Banks face a huge hike in financing costs as $2,000,000,000,000 of funding comes dues in the next three years. From the FT:
Moody’s estimates that a lender wanting to refinance a short-term government-guaranteed bond with 10-year paper could see costs rise nearly 7 percentage points.
This surely of huge concern. The end of QE may be a really fraught experience. Or – central banks see this coming, and don’t have the nerve to end it. On the subject (loosely), how might it be helping London property prices?
The most dramatic improvement has come in London, where 95 per cent of surveyors are reporting rising prices, a level unseen since 1996, including during the whole of the last housing boom. Some properties in London were now back above the 2007 peak prices, according to Simon Rubinsohn, economist at Rics, helped by hopes of big financial sector bonuses.and an influx of foreign investors taking advantage of the weak pound.
So, great for the London market. Great if you got on the train in time. What about if you can’t afford houses? Um . . . affordable home starts drop by a third. Oh dear. No wins for QE on the social justice side. It may be blowing bubbles. Mishkin is not worried. Some are more concerned about the Chinese one.

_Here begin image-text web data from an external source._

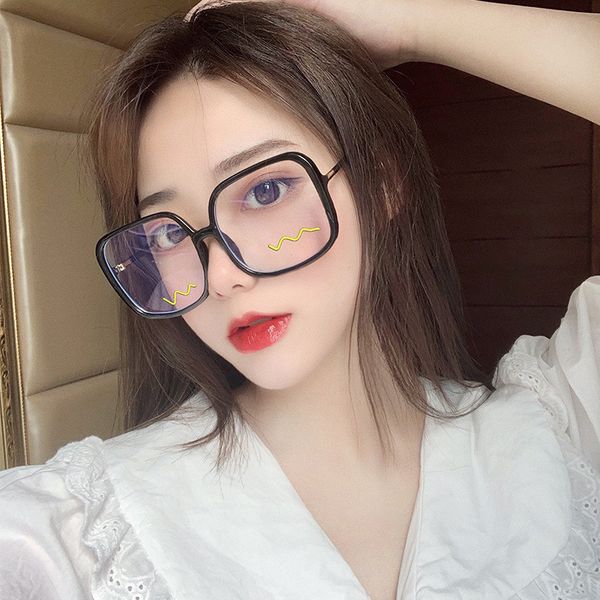 

new fashion net celebrity anti-blue big frame glasses frame female star with the same style wild flat mirror, White;black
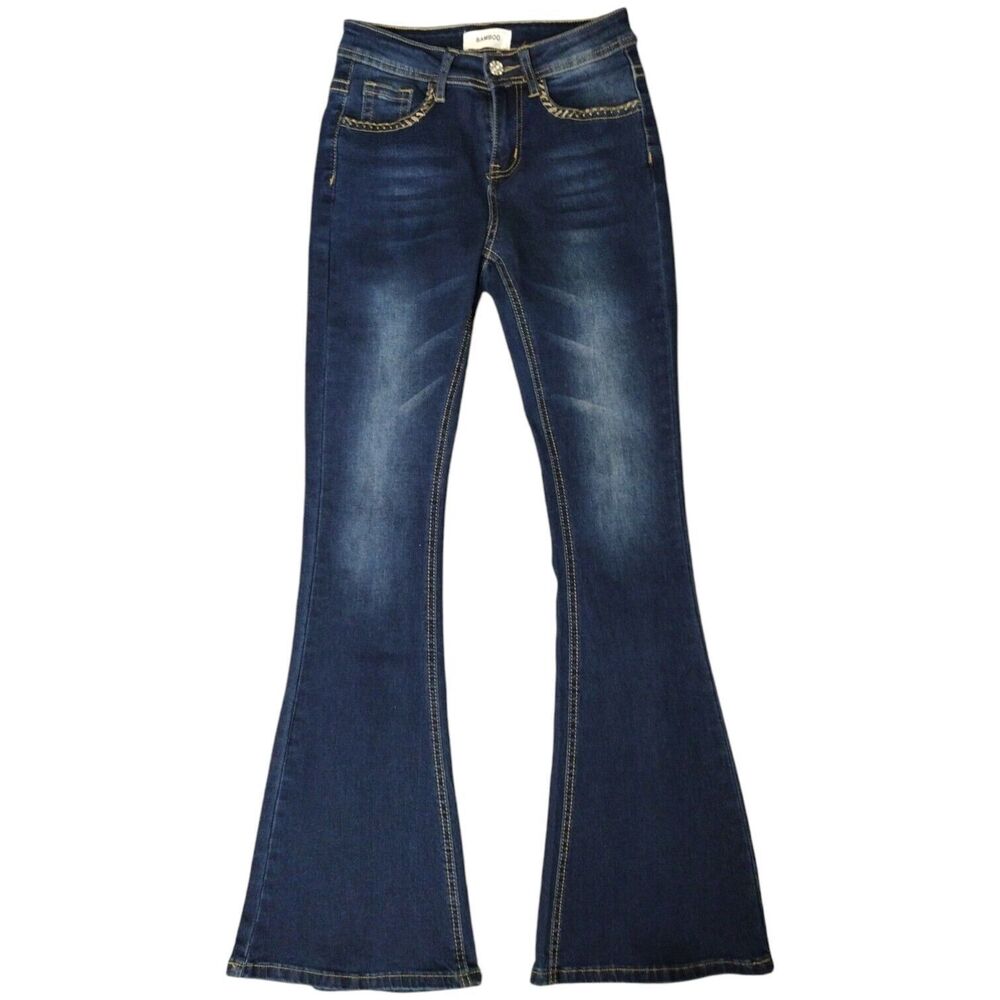 Bamboo Distressed Stretch Flare Leg Mid-Rise Dark Wash Blue Jeans Size 1 Junior
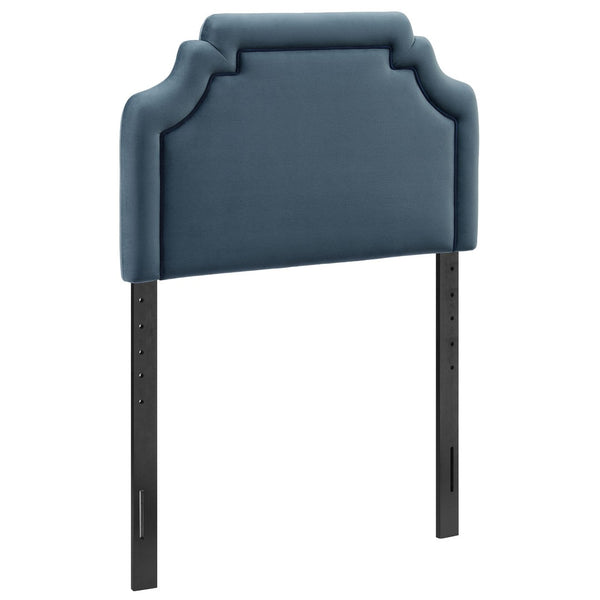 Modway Furniture Magnolia Scalloped Performance Velvet Twin Headboard Padded Backrest for Bedroom Cadet Blue Midnight MOD-7329-CAB-MID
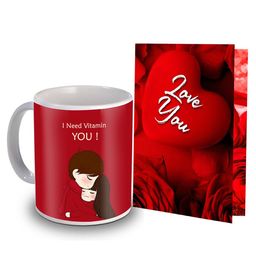 ME & YOU Red & White 2 Pieces Printed Mug & Greeting Card Home Gift Set-image-102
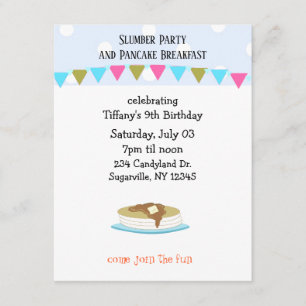 Invitación Fiesta de pijamas y desayuno de panqueques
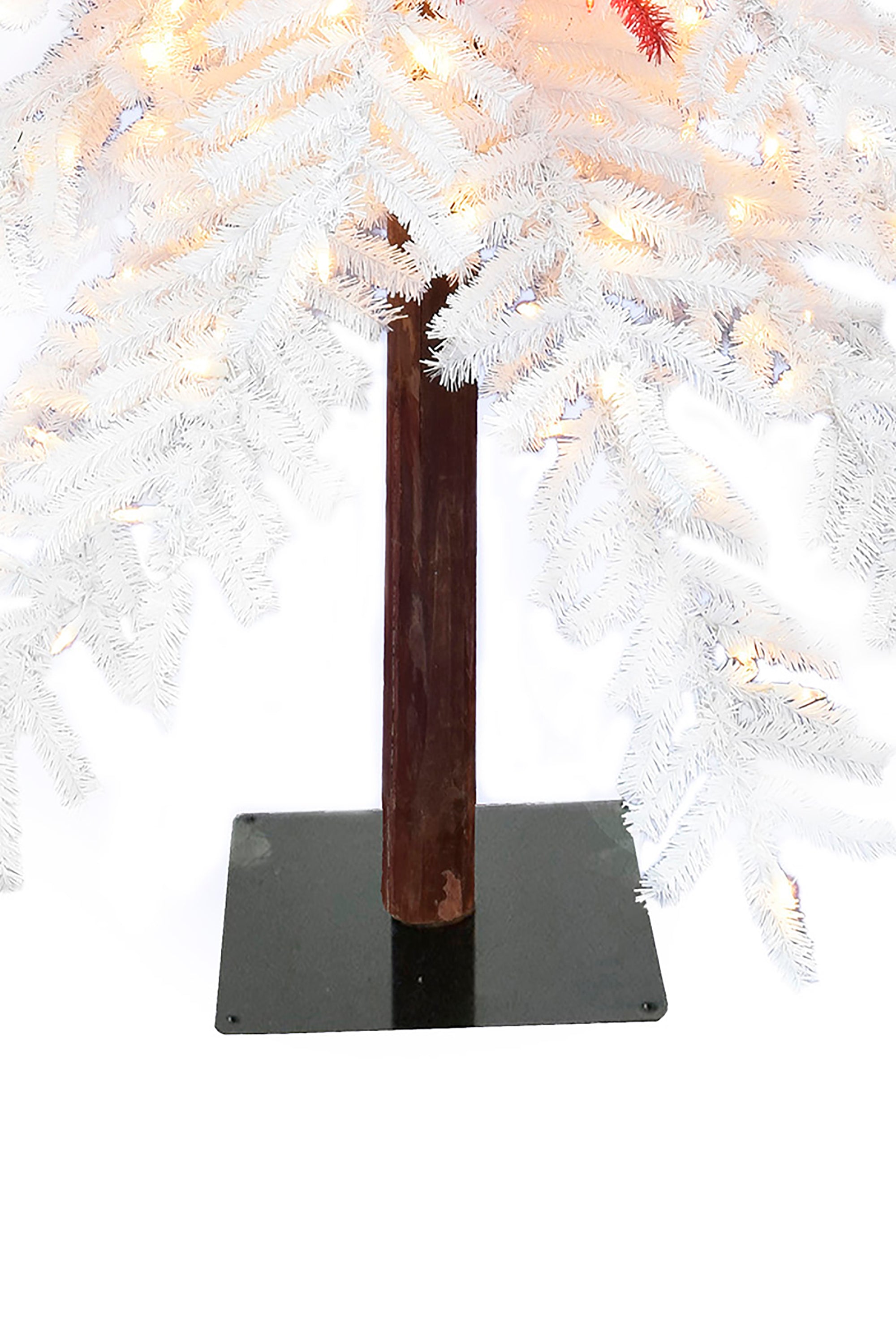 9ft Bendable Two Tone Red White Christmas Tree with Detachable Hanging Aspen Fir Ball
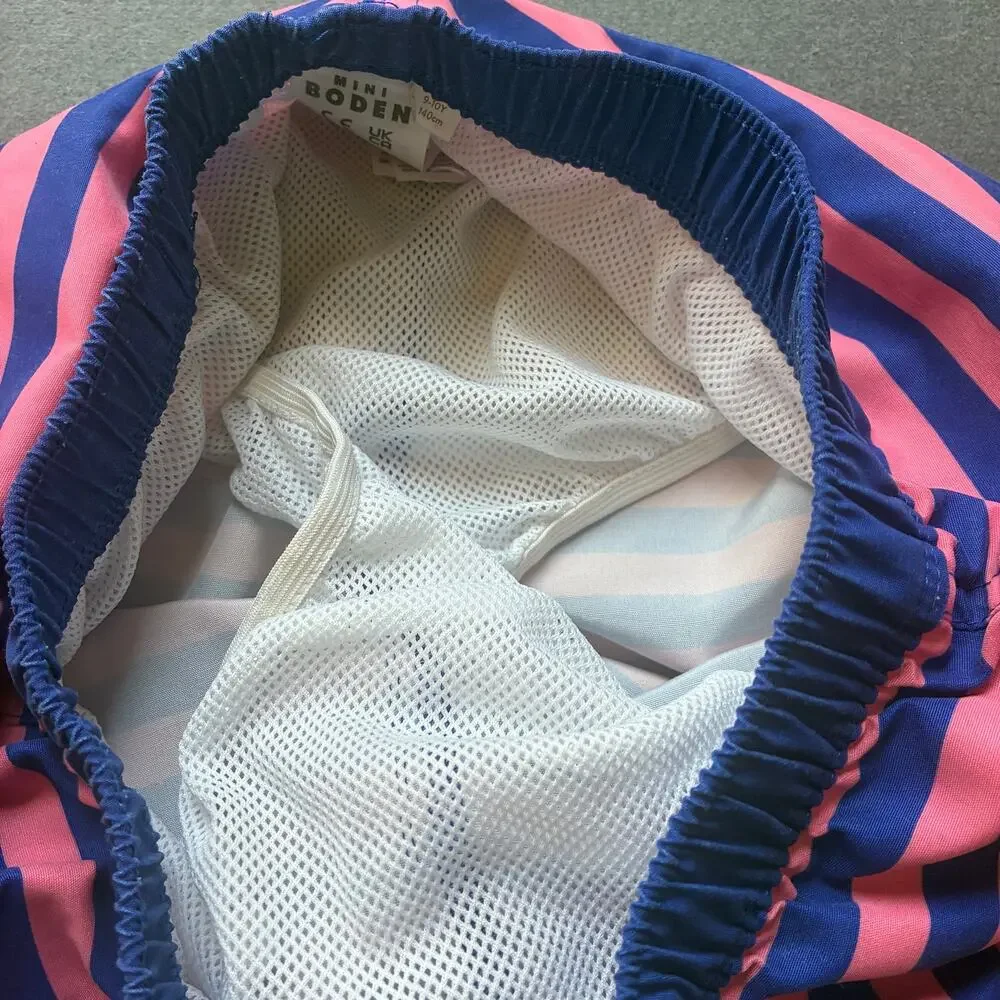 Mini Boden Striped Swim Trunks 9-10 Years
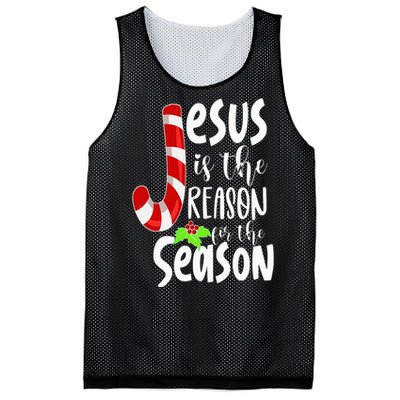 Jesus Is The Reason For The Season Christian Santa Christmas Mesh Reversible Basketball Jersey Tank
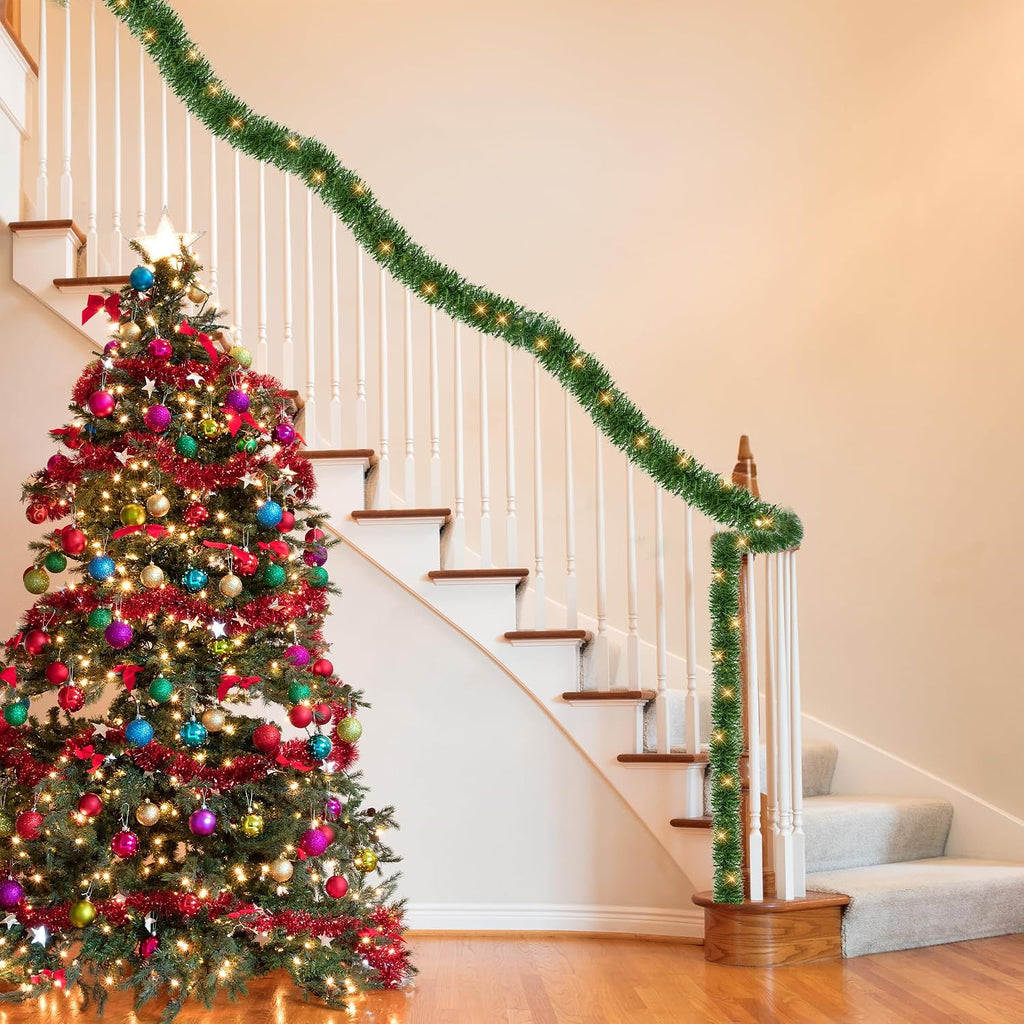 50 FT Pre-lit Christmas Green Garland, 150 LED Lights Lighted Artificial Pine Garlands, for Indoor Outdoor Christmas
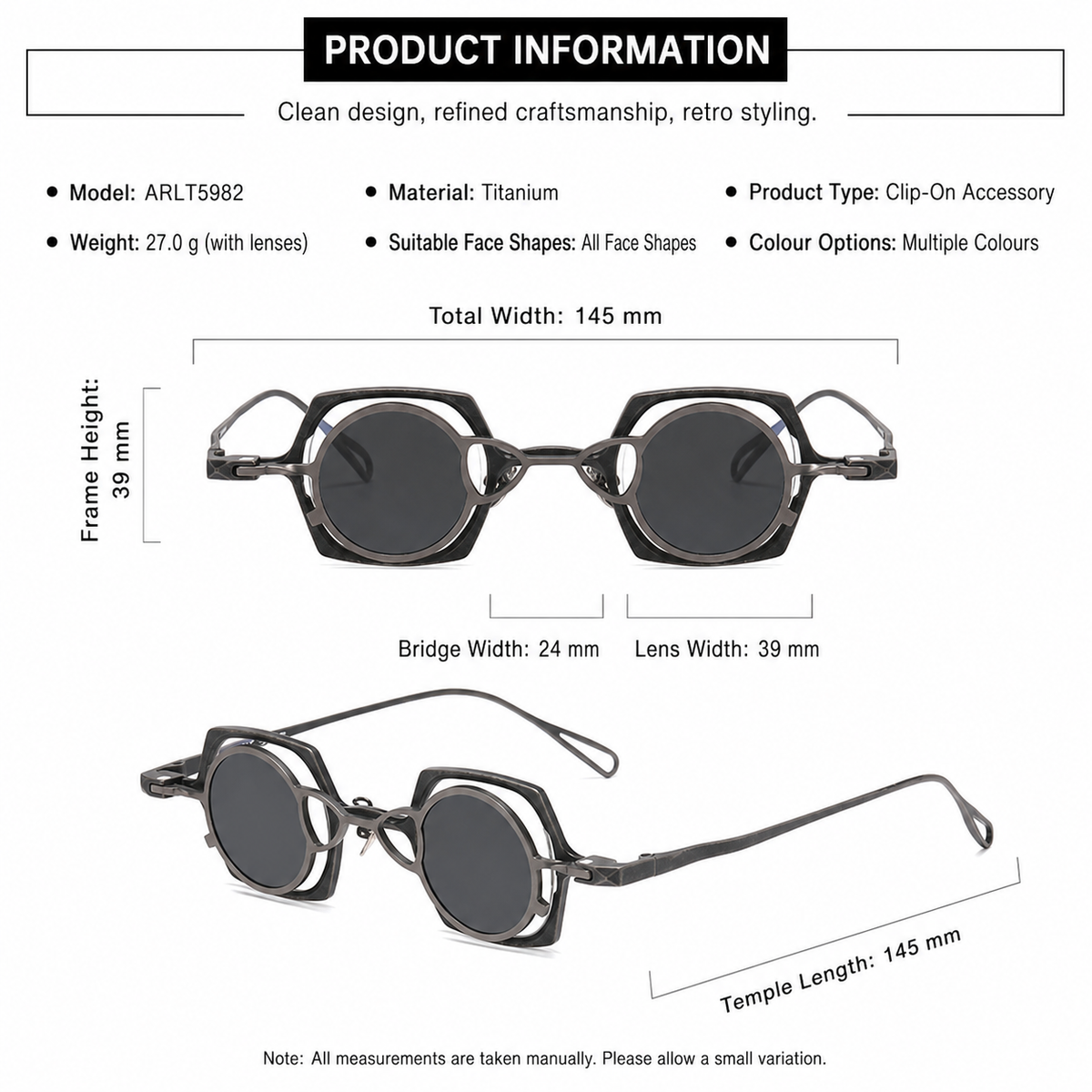 
Gafas 2 en 1 de titanio puro con clip magnético y lente solar polarizada - Imagen 10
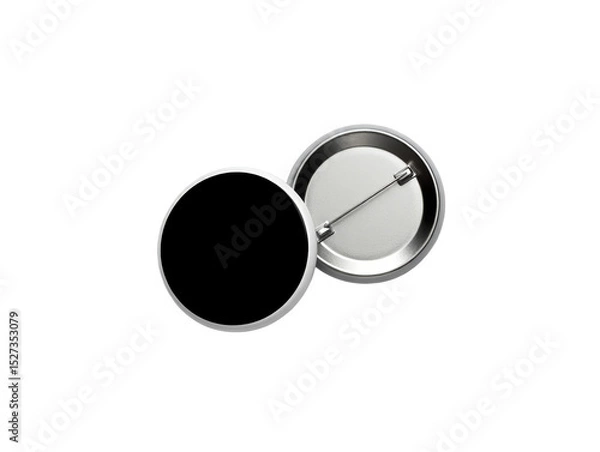 Fototapeta Two Circular Pin Badges Mockup On Transparent Background
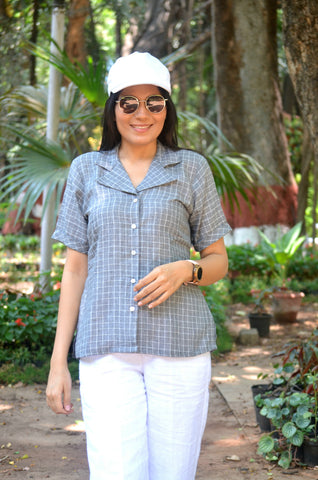 Crisp n Cool'-Pure Linen Shirt Grey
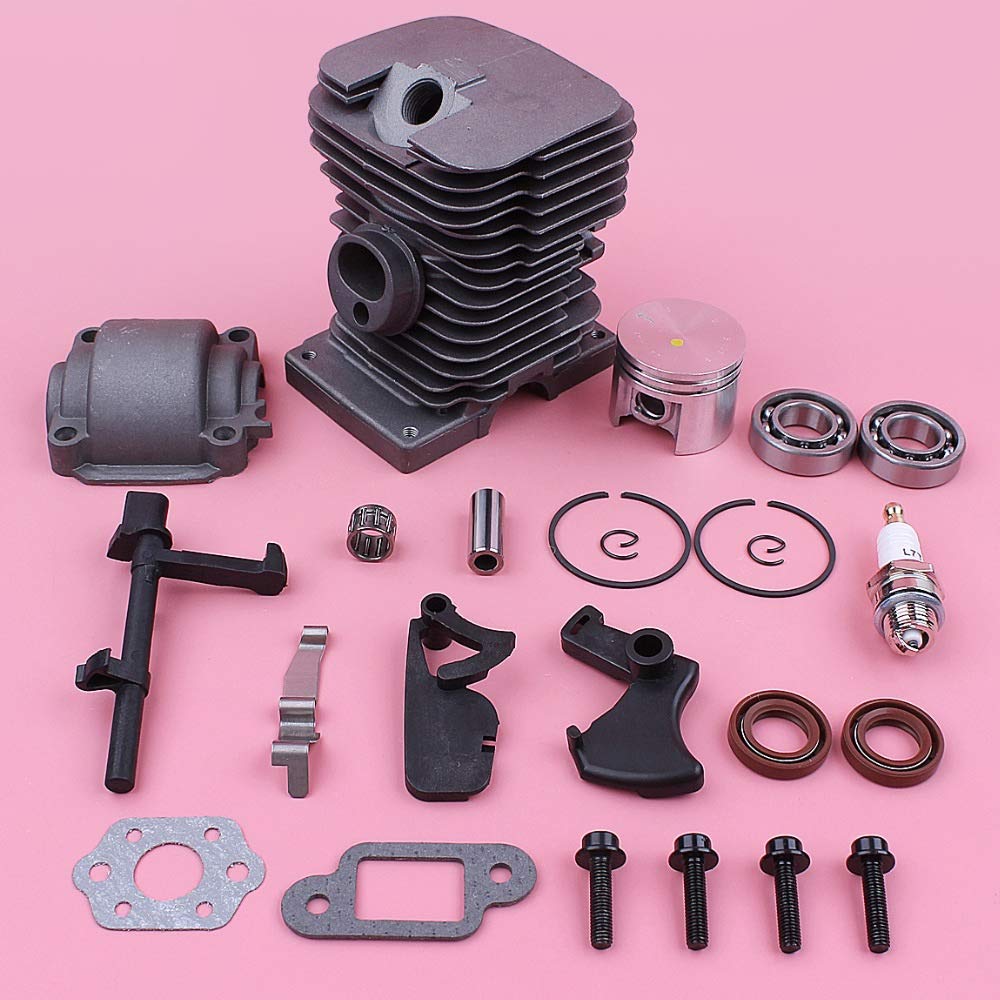 HAOHAO 38 mm Cilindro Kit de pistón Compatible with Stihl MS180 018 MS 180 Motosierra Pieza del Motor Pan cojinete de bancada del Sello de Aceite del gatillo de aceleración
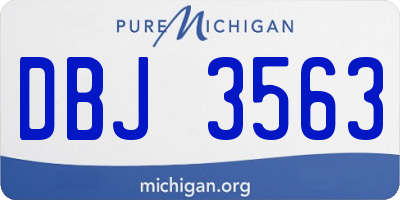 MI license plate DBJ3563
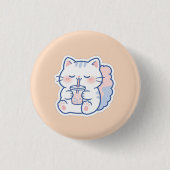 Süße Kawaii-Boba-Katze-Bubble-Tea-Anstecknadel Button (Vorderseite)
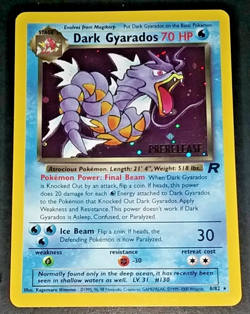 POKEMON TEAM ROCKET - DARK GYARADOS HOLO - WOTC PROMO 8/82 (PRERELEASE) - EX/NM - Image 1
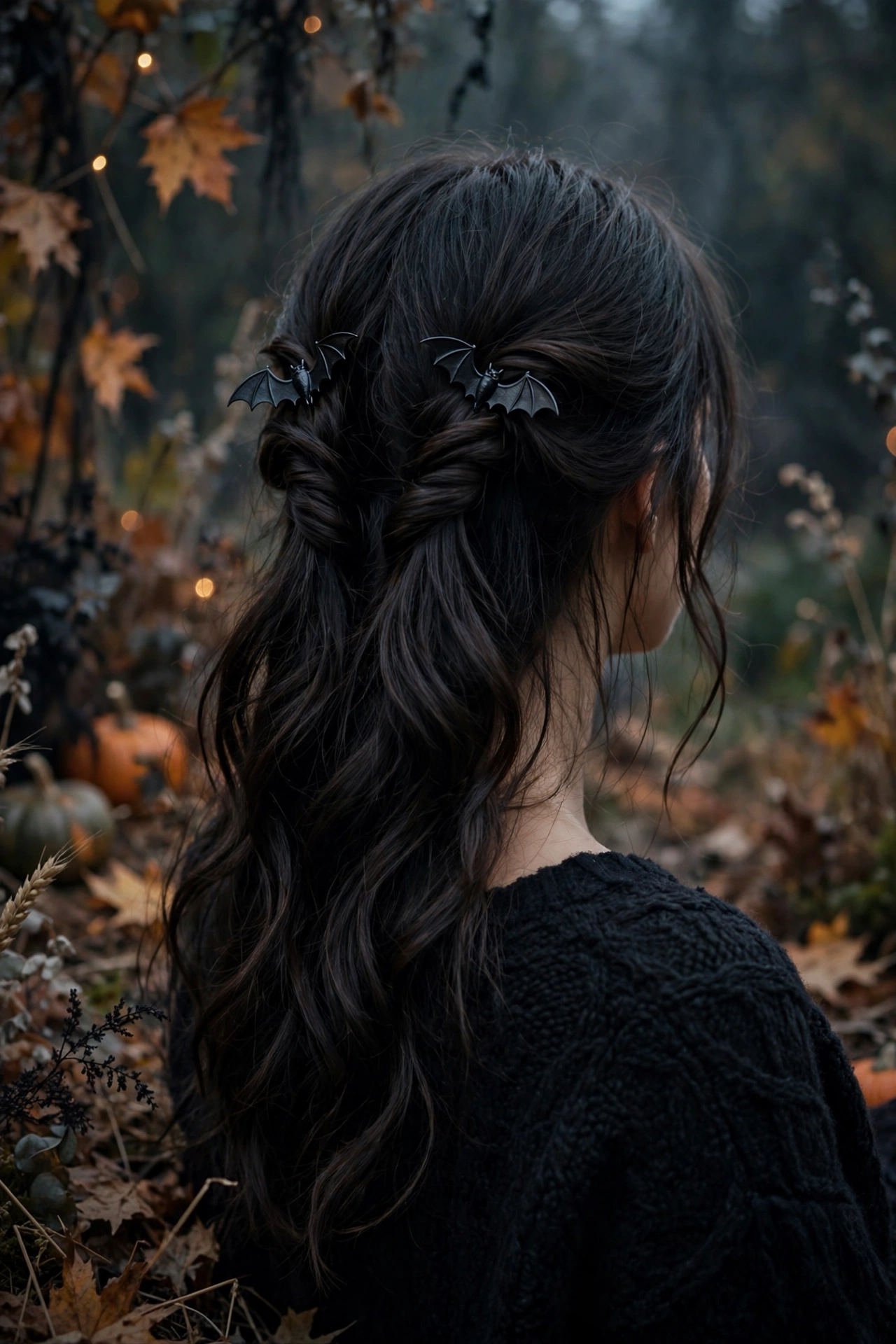 Halloween hairstyles for long hair bat wing half up twists with bat clips on a real woman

Not sure it’s been good for the rest. As Tracey Corrigan says, banks make hay, the rest of us pay. It’s becoming the conventional wisdom. Perhaps more fiscal policy would have worked. Of course, Krugman would agree, but here is some major empirical evidence to back him up. “Initial fiscal multipliers of 2 or more, although they shrink over time. Yes, fiscal expansion is expansionary.” As he wisely points out, you have to ask not whether fiscal stimulus has worked in ordinary conditions (think Tony Benn, and go ‘no’), but what about during a liquidity trap?